I've used pictures to help me describe characters, like I'd have a picture of an online model or actress etc and I'd describe him/her as best I could while never actually telling the reader who the character is based on.

So something like:
Katie - Bianca19
Amy - Karen Gillan

and so on...I'm about to start work on another erotic story so I wanted to know if anyone thinks a cast list is a good idea.

Thanks
 
That is the type of thing that I keep to myself. In one of my stories I even went as far as to write each character with the same names as the women they were based on. I changed the names later, but originally they were all named after celebrities and porn stars.

But a lot of people don't know who a lot of these people are. they just want to read your descriptions of what these women look like. They don't want to hear who they look like, or comparison charts. That can turn a lot of people off.
 
Fair enough, I think that imagination and fantasy are often preferable to reality.
It was just an idea :)
 
If you give the list in the text of the story, wouldn't that force the story into the Celebrity category at Lit.?
 
The readers imagination will cast the story. If you tell them who you imagined, it narrows the landscape. Let their minds wander free.
 
and so on...I'm about to start work on another erotic story so I wanted to know if anyone thinks a cast list is a good idea.

To me a cast list or comparing a character to a celebrity demostrates a lack of confidence in your writing skills.
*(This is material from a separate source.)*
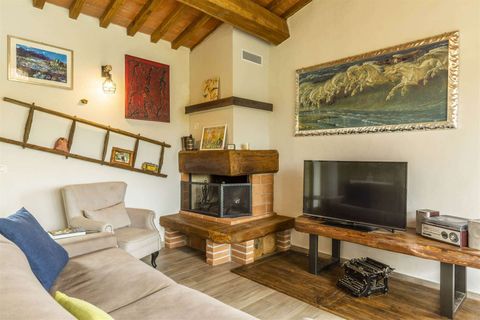 Farm hus i Cortona, Arezzo, Cortona - € 690.000 | Ref: 11226RA12164-920311 - foto 11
The only proper use of a celebrity for comparison purposes is a deliberately mangled methaphor: She was tall, slim and blonde; she looked exactly like Paris Hilton doesn't.
 
I agree

The readers imagination will cast the story. If you tell them who you imagined, it narrows the landscape. Let their minds wander free.
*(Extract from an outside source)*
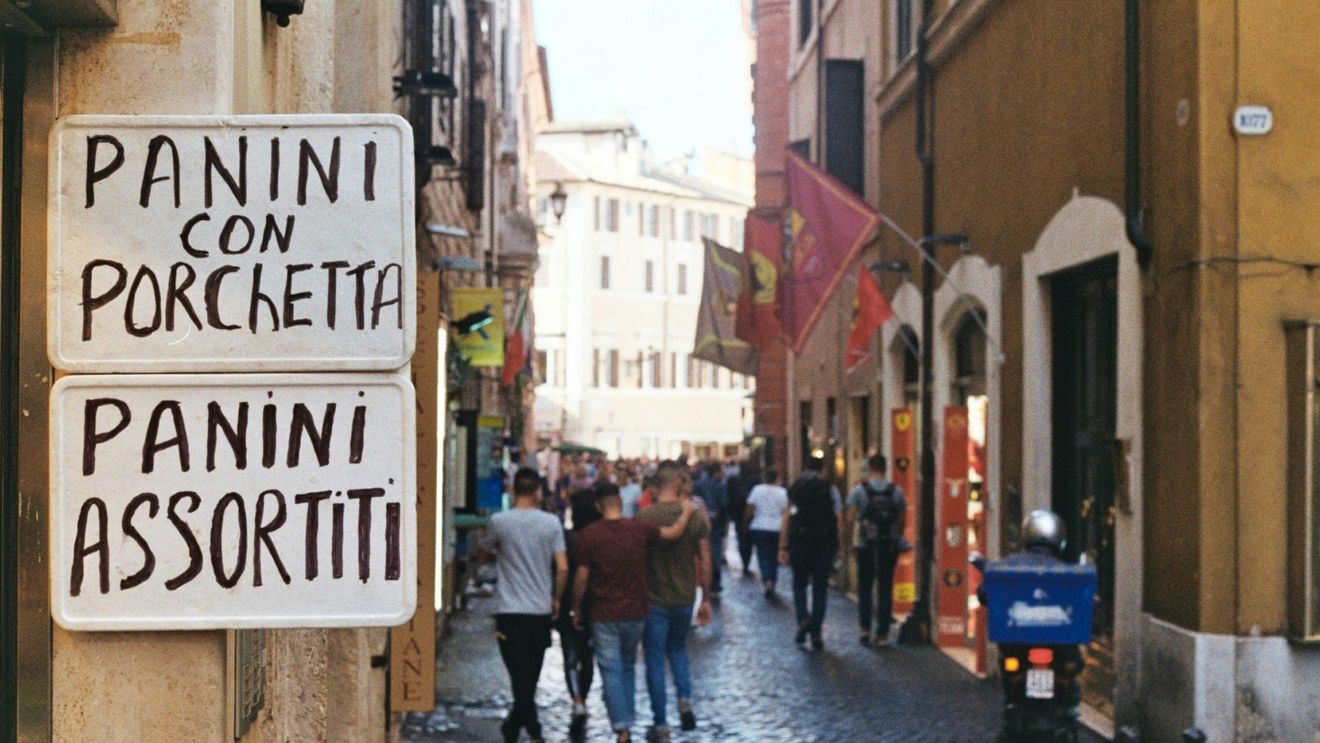 Turism culinar: Cele mai bune destinații în Italia pentru paste, arancini și deserturi, recomandate de un ghid turistic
I have the same kind of list in my head, but let me give you a compelling reason not to tell your readers: what if they hate the celebrity?

For example, I think Angelina Jolie is one of the most beautiful women in the world, so I've been shocked more than once by men who actually hate her.

So I would resist the temptation if I were you.
 
I know people who write "RPF" Real Person Fiction. I get disgusted by much of it. Especially when the story is sexual. I think it's unwarranted intrusive, disrespectful.

Hell I've written it myself, and felt sullied and unusual. :eek:
 
To me a cast list or comparing a character to a celebrity demostrates a lack of confidence in your writing skills.

The only proper use of a celebrity for comparison purposes is a deliberately mangled methaphor: She was tall, slim and blonde; she looked exactly like Paris Hilton doesn't.

First, I think Harry Leg gave the best response.

This comparing a character to a celebrity demonstrating a lack of writing skills confidence, though, like the "Trojan large" issue on another thread, goes too far to an extreme, I think. Evoking a known image, no matter what it is, can be effectively used to get past a necessary, but tertiary, description quickly. The main problem here is to make the identifier well known enough for most the readers to "get" it.

Something like (off the cuff, of course): "Both Dan and Eva instinctively dipped their heads as the Gilligan waiter swept an overloaded tray of dirty dishes in the space their eyebrows had just occupied and shimmied by in the space behind Eva's chair that hadn't been there seconds before. Their noses collided in an embarrassed laugh that served as the ice breaker they'd both needed to get this blind date off the launch pad."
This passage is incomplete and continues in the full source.